The sun is shining and we’re daydreaming about holidays, but we’re still thinking about sustainable architecture. Not in the office or the home this time, but on holiday and, more specifically, in hotels. Many of the luxuries that are enjoyable part of a hotel stay are, by their nature, wasteful, so hotels have to address the sustainability question in alternative ways. Just look at these five very different ‘green’ London hotels, and see how they compare.
7 Pepys Street, EC3N 4AF
This 583-bedroom hotel opened in 2010, as the Mint Hotel, on a site formerly occupied by a 1960s building. Sustainability was an important part of the building’s design brief and the combination of energy-efficient design and use of renewable energy within the building meant it was awarded a BREEAM rating (an environmental assessment for buildings, standing for ‘Building Research Environmental Assessment Methodology) rating of ‘very good’, while the architects, Bennetts Associates, won the Future Design Award for Sustainability. But it’s almost impossible to overlook the most obvious green feature of the hotel – the living wall, one of the largest in Europe. It offers 1025 square metres of greenery and, as well as attracting birds and bees and increasing plant diversity in this very built-up area of the city, the living wall also helps to insulate the building and reduce the urban heat island effect. One very important bonus for the Hilton is that it also looks spectacular.

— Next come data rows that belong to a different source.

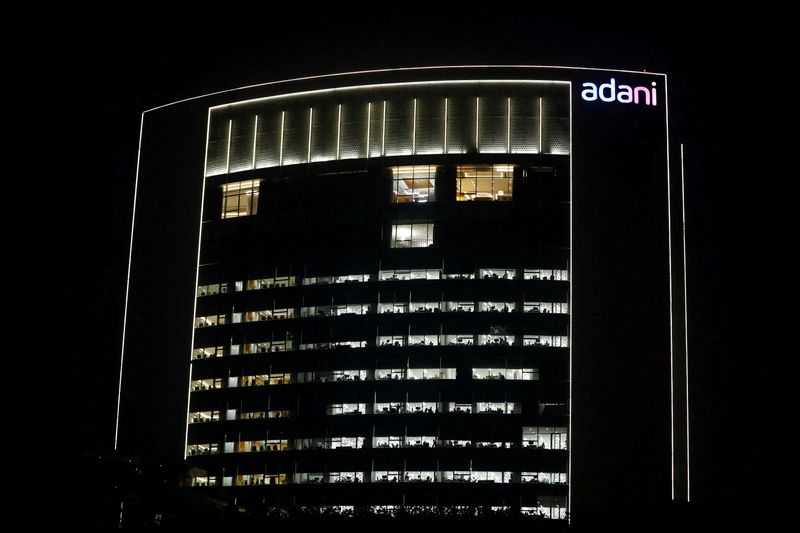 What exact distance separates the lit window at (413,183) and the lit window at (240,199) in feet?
53.2

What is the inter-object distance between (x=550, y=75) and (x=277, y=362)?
42.5m

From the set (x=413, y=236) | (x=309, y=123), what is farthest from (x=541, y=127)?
(x=309, y=123)

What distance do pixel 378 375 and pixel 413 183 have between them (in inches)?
835

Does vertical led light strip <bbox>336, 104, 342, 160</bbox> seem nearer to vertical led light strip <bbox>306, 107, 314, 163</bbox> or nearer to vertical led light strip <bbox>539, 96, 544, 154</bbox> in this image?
vertical led light strip <bbox>306, 107, 314, 163</bbox>

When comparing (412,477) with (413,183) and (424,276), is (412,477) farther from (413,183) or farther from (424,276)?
(413,183)

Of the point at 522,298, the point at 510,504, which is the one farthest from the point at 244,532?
the point at 522,298

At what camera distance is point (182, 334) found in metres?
136

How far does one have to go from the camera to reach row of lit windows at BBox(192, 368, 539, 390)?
125 metres

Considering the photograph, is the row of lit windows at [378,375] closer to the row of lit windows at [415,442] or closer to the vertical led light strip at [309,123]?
the row of lit windows at [415,442]
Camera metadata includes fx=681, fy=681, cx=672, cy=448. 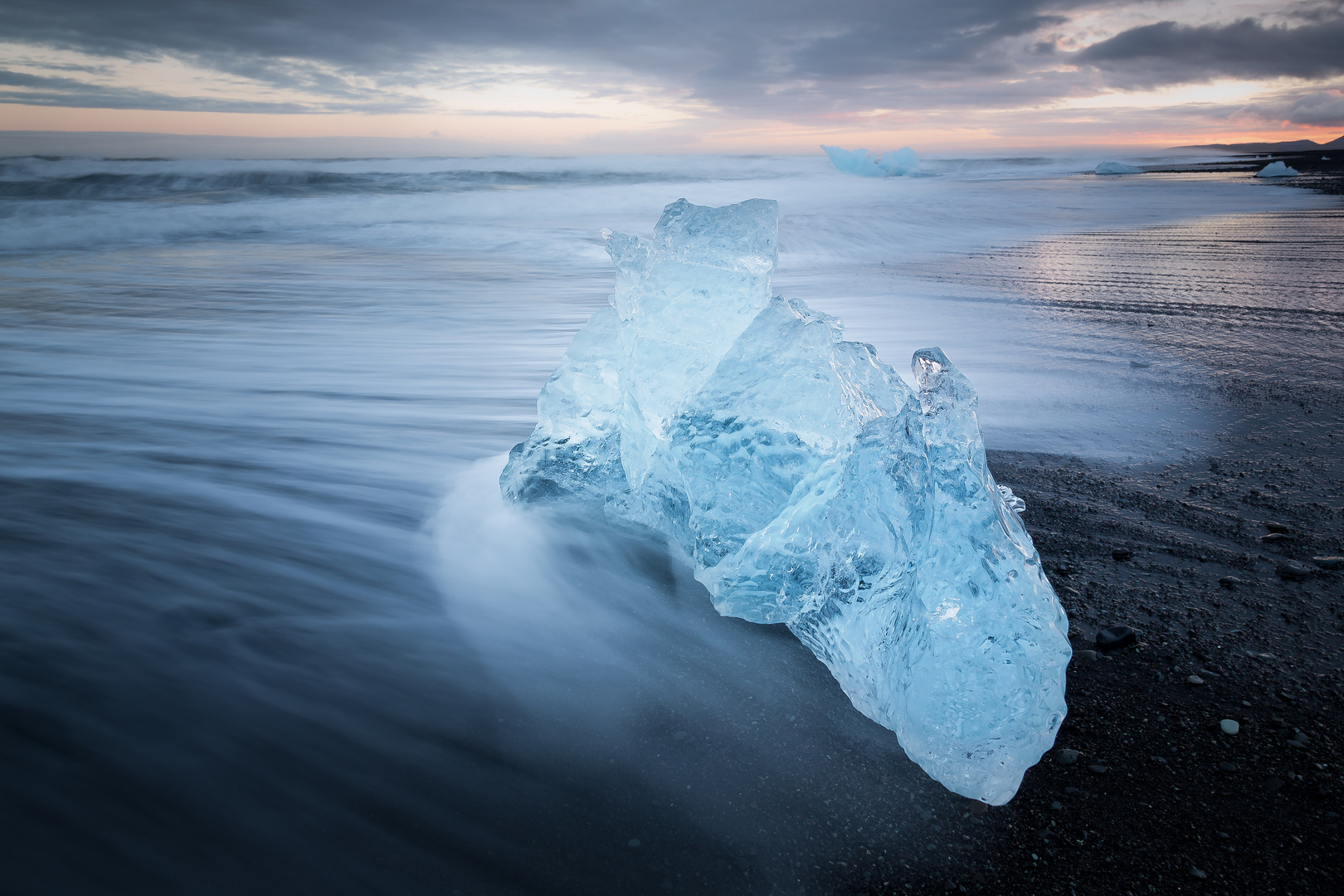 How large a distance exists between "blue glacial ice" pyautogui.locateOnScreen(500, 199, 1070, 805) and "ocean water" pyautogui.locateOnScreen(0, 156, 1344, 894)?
19 cm

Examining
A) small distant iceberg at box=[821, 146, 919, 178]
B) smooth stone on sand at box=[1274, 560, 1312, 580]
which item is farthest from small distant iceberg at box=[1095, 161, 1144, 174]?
smooth stone on sand at box=[1274, 560, 1312, 580]

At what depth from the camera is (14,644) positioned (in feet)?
7.16

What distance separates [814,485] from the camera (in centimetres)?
203

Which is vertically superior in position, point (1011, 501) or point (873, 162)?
point (873, 162)

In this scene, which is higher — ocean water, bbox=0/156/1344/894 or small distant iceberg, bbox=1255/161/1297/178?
small distant iceberg, bbox=1255/161/1297/178

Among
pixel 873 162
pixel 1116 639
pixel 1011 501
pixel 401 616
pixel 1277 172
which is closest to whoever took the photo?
pixel 1116 639

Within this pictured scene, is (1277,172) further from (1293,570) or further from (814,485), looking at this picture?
(814,485)

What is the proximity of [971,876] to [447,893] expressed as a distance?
1076mm

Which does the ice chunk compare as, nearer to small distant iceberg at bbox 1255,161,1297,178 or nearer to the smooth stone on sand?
the smooth stone on sand

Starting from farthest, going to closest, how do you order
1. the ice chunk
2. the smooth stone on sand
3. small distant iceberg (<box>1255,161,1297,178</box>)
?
small distant iceberg (<box>1255,161,1297,178</box>), the ice chunk, the smooth stone on sand

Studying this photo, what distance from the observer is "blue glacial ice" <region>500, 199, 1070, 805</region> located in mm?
1474

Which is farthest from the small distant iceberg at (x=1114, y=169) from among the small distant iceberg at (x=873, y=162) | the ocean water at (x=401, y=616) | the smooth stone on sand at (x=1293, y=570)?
the smooth stone on sand at (x=1293, y=570)

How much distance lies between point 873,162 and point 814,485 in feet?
132

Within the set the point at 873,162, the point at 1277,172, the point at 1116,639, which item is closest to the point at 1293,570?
the point at 1116,639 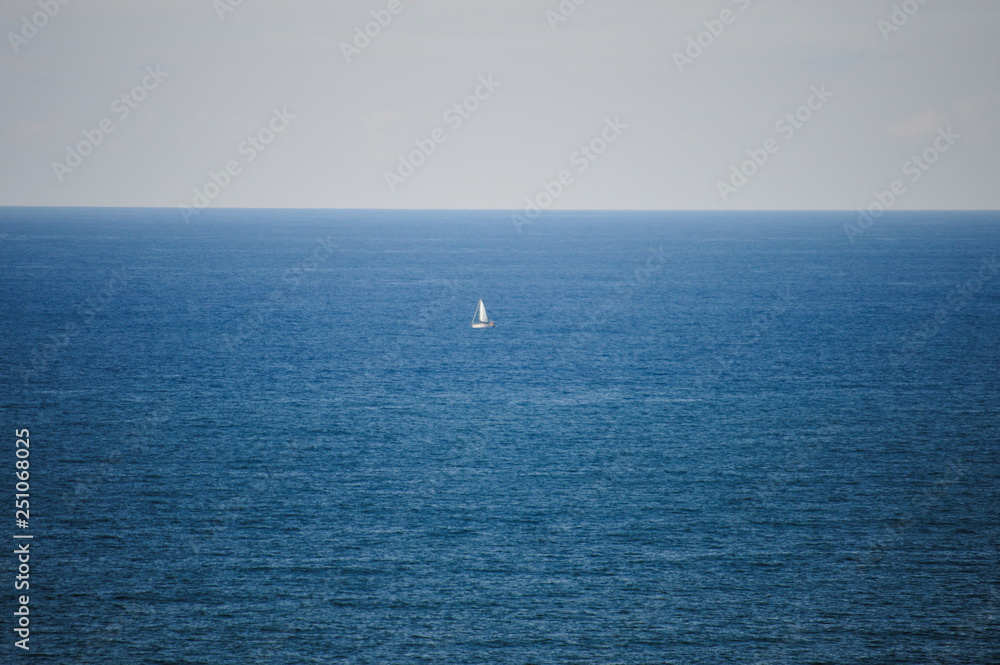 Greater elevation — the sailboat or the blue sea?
the sailboat

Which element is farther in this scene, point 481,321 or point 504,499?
point 481,321

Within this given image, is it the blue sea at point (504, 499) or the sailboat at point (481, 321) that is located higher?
the sailboat at point (481, 321)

1 Eastern Gateway, Royal Victoria Dock, E16 1FR
The Aloft Hotel trumps the Hilton, well, on BREEAM rating at least: it was awarded an ‘excellent’. Among the measures that helped it achieve this rating are its deep bore holes, allowing the natural heat generated within the ground to be used as a source of power for the hotel. Situated within the Docklands – where space is less tightly packed than in Central London – the building’s wave-life shape helps increase the amount of natural light within the hotel, hopefully cutting down on the need for artificial lighting. The curved glazed walls also help control solar gain, cutting down on the need for heating during the winter, and cooling in the warmer months. But, interestingly, the Starwood brand obviously has further designs on London’s green hotel market. In 2017, they are due to open one of their eco-orientated ‘Element’ branded hotels in Tobacco dock, a brand that emphasises a commitment to sustainability as much as style.
22–26 Cadogan Gardens, SW3 2RP
The Draycott was adapted from three Edwardian houses, so faces a different set of challenges to a new build in its attempt to become London’s most sustainable boutique hotel. Many of its credentials come from the way the hotel is operated, from installing energy saving lighting to upping levels of recycling and reuse. However, it was its ‘Keen to be Green’ initiative that won it the ‘Considerate Marketing Initiative’ gong at the Considerate Hotel of the Year awards which took place earlier this week, an event intended to celebrate the ‘best in environmental, sustainable and socially responsible performances within the UK’. ‘Keen to be Green’ encourages their guests to reduce their carbon footprint by sharing walking, biking and public transport routes around the city. These initiatives are particularly welcome given that that the borough of Kensington and Chelsea – where The Draycott is located – was, earlier this year, reported to be over 100% the European legal limit for nitrogen dioxide levels.
1 Aldwych, WC2B 4BZ
One Aldwych was another winner at the Considerate Hotel of the Year awards, for its ‘green champion of the year’, employee Gary Lohan, who has helped drive social and environmental projects within the hotel. Situated within an historic area of London, the hotel is subject to tight planning laws but has worked within these restrictions to introduce a number of green initiatives. Particularly notable is their use of the Evac water system – which is normally more associated with cruise ships than hotels – and has led to an estimated 80% reduction in the amount of water used by the hotel. They also collect rainwater to irrigate the plants on its rooftop garden. To inspire further action, each guest is supplied with a copy of ‘Change the World for a Fiver’. Alas for us, a fiver won’t get us a room there, but it’s a good way to start.
Strand, WC2R 0EU
The Savoy is one of the most famous historic hotels in London. It’s also managed to become one of the greenest. As part of the ambitious refit prior to the hotel’s reopening in 2010, over £2.4 million was spent on introducing high efficiency sustainable technologies. For example, in the hotel’s combined heat and power plant, rejected heat from the engine is used as the hotel’s primary heat source, while heat from kitchen appliances is used to pre-heat hot water and used cooking oil is turned into biodiesel. For guests, the ‘Green Butler’ advises on ways to have a greener stay, from walking and cycling routes around the city, to recommending eco-friendly restaurants. Oh, and you can go on a walking tour of sustainable London with Insider London too…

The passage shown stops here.